Instructions for the task
Leave the images out. Give every line below again, precisely.

Stored data
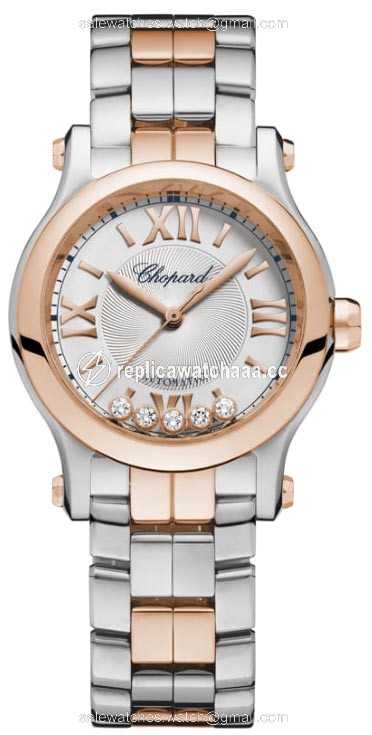 278573-6017 Chopard Happy Sport Automatic 30mm Ladies Watch 278573-6017 Chopard Happy Sport Automatic 30mm Ladies Watch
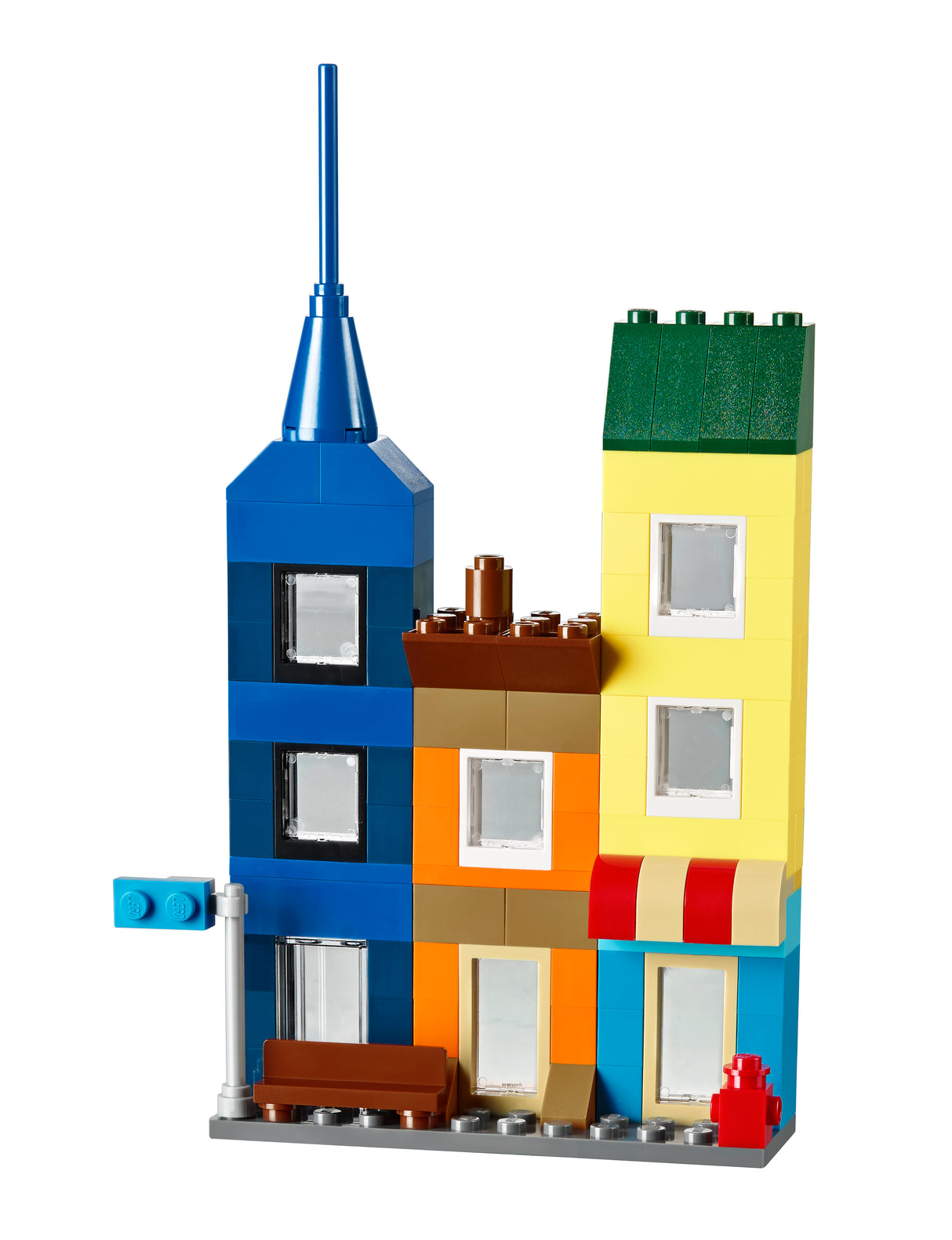 LEGO Classic vahva suur mängukast 10698L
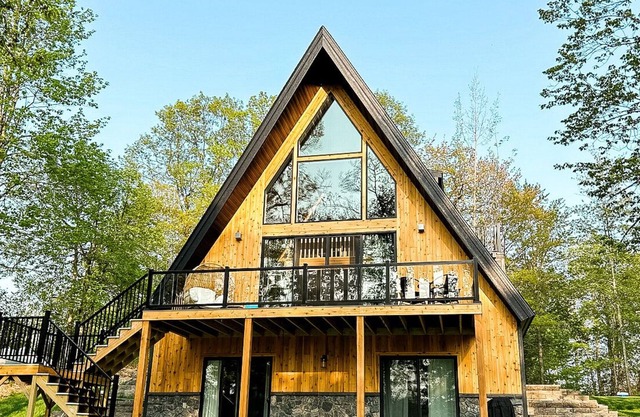 Stave House A-Frame Retreat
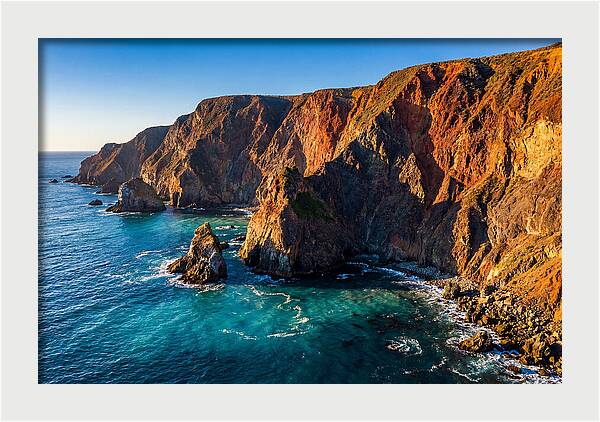Golden Hour Bliss At Big Sur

Response below
 278573-6017 Chopard Happy Sport Automatic 30mm Ladies Watch 278573-6017 Chopard Happy Sport Automatic 30mm Ladies Watch
 LEGO Classic vahva suur mängukast 10698L
 Stave House A-Frame Retreat
Golden Hour Bliss At Big Sur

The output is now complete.